The case of U+002E FULL stop may need the use of U+200F RIGHT-TO-LEFT MARK to force it RTL because its Unicode direction property is "neutral". Then perhaps we'll get correct ordering.

Comment 8 Khaled Hosny 2023-11-08 21:40:20 UTC


*** This bug has been marked as a duplicate of bug 149824 ***

Comment 9 M.Mahdi 2023-11-09 05:59:35 UTC

(In reply to ajlittoz from comment #7)

> I know Arabic/Persian letters have 4 shapes: isolated, initial, middle and
> final. What is the effect of zwnj if you put it inside a word, e.g. w <zwnj>
> o <zwnj> rd? Would the w and o (I know, weak vowels are not written in
> Arabic; this is just an example) take the isolated shape? And rd be written
> as initial+final?

It depends on character that all 4 shapes are different or not. If we assume the character have these 4 shapes then yes, w and o are isolated and rd is initial+final.

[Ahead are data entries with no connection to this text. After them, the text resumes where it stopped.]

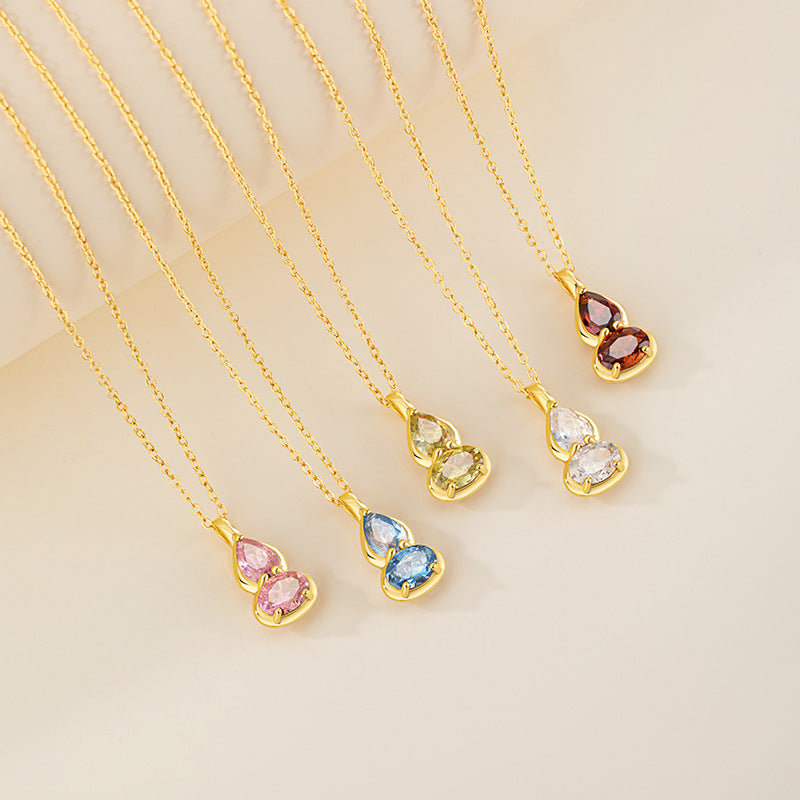 Gourd Sterling Silver 925 Necklace Light Luxury High-Grade Twelve Birthday Stone Clavicle Chain Ins Style Star Stone Zircon Pendant
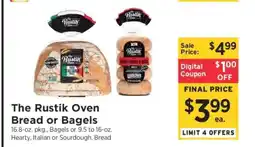 ShopRite The Rustik Oven Bread or Bagels offer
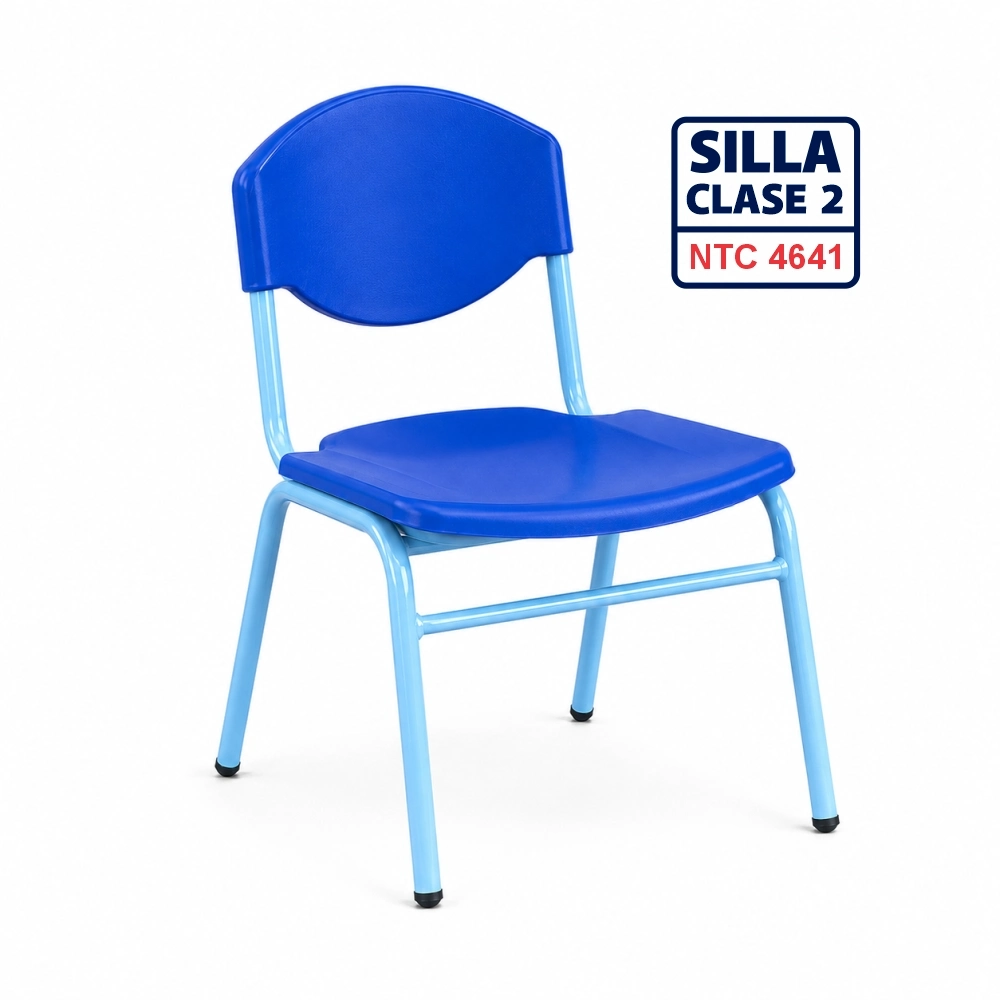 Silla Unipersonal clase 2 fabricada por Magru S.A.S bajo la norma NTC 4641 de Icontec con asiento y espaldar en plástico azul y estructura metálica gris para el nivel preescolar.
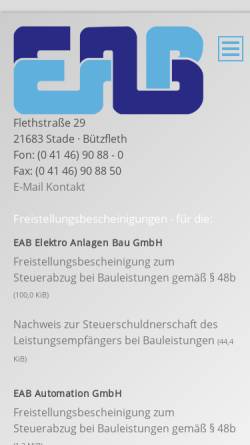 Vorschau der mobilen Webseite www.eab-stade.de, EAB Elektro Anlagenbau GmbH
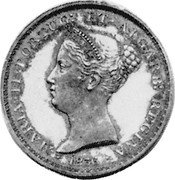 Portugal 500 Reis Maria II Pattern 1836 KM# Pn89 MARIA II D G PORTUG ET ALGARB REGINA 1836 coin obverse Portugal 500 Reis Maria II Pattern 1836 KM# Pn89 MARIA II D G PORTUG ET ALGARB REGINA 1836 coin obverse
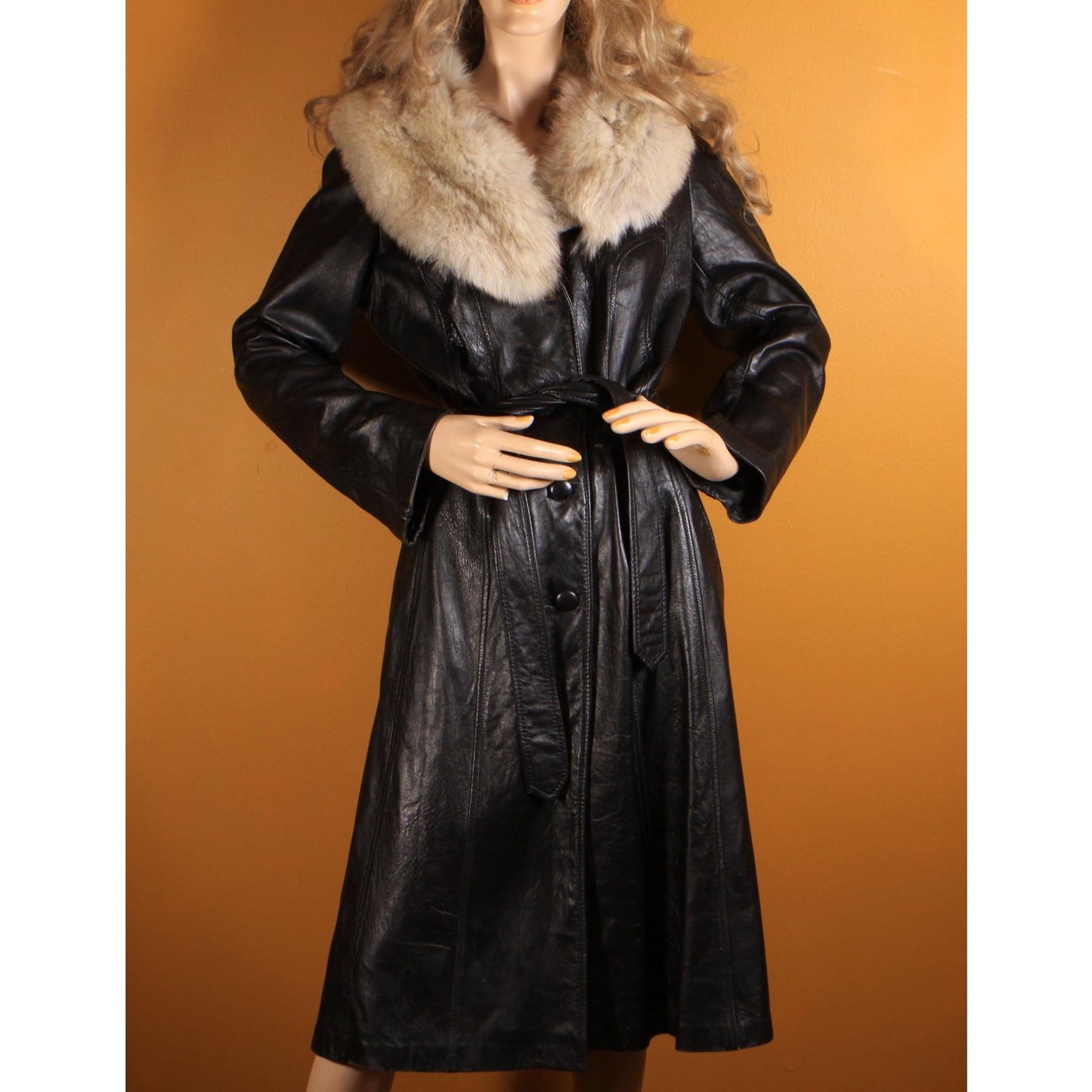 1970s Black Leather Long Sleeve Fox Fur Collar Trench Coat by Imperial -M-L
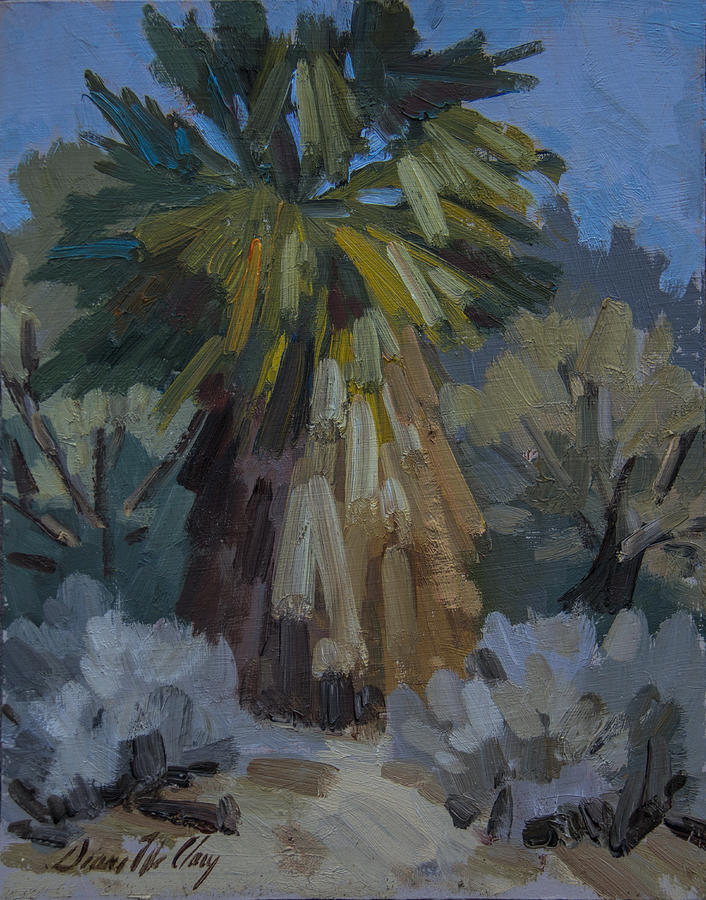 Desert Painting - Santa Rosa Mountains Palm Tree by Diane McClary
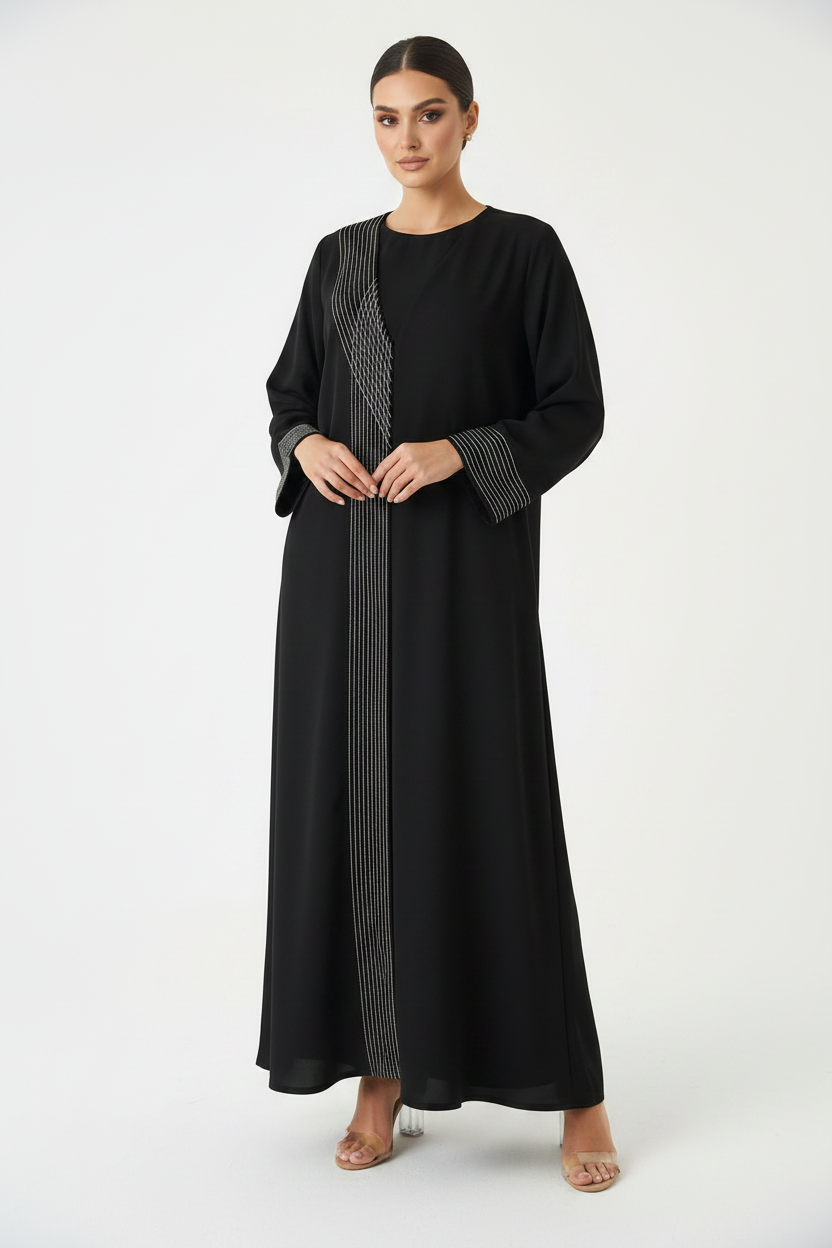 C 2712 Black Striped Abaya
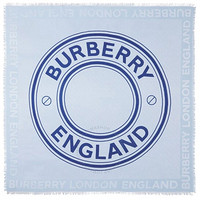 BURBERRY 博柏利 淡蓝色徽标 TB Monogram 提花真丝羊毛围巾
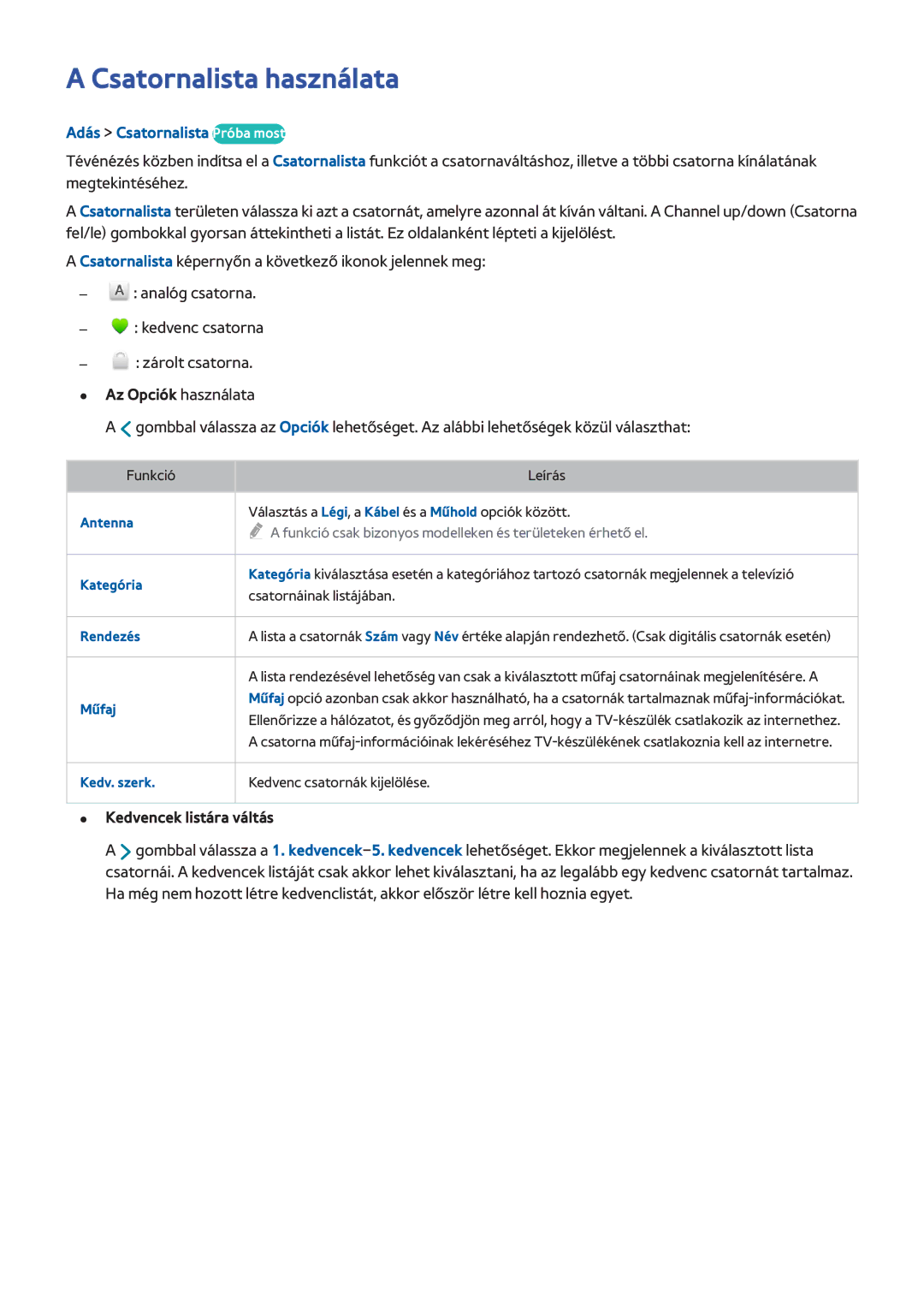 Samsung UE65H8000SZXZT, UE48H8090SVXZG manual Csatornalista használata, Adás Csatornalista Próba most, Az Opciók használata 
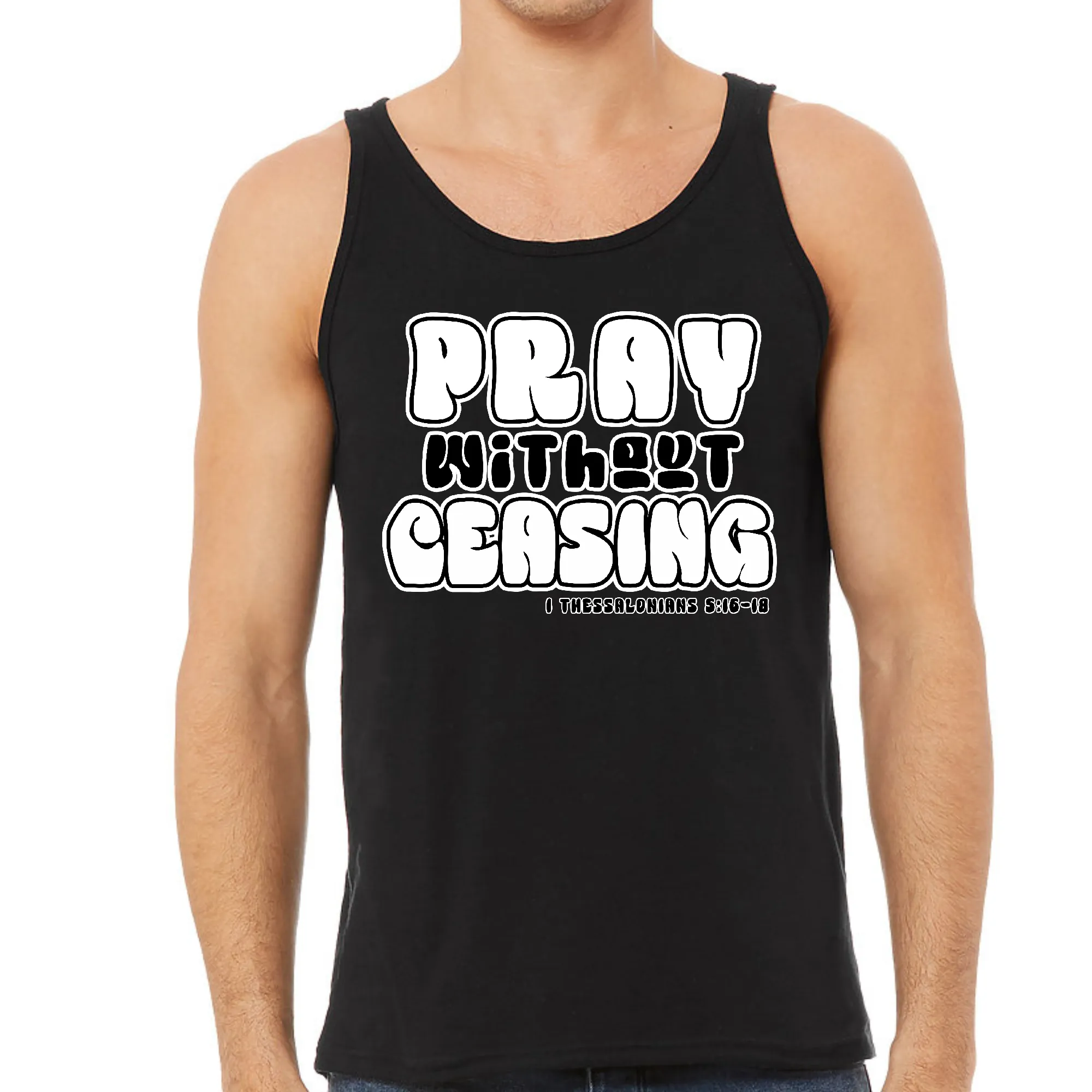 Unisex Short Sleeve T-Shirt Pray Without Ceasing Black And White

> The case of U+002E FULL stop may need the use of U+200F RIGHT-TO-LEFT MARK
> to force it RTL because its Unicode direction property is "neutral". Then
> perhaps we'll get correct ordering.

Maybe. I tested it and works in this form:
1.<RTL MARK>2.<RTL MARK>3. Text
But I think the main thing in there is that we should be able to change intermediate characters, what is not possible currently. Am I right?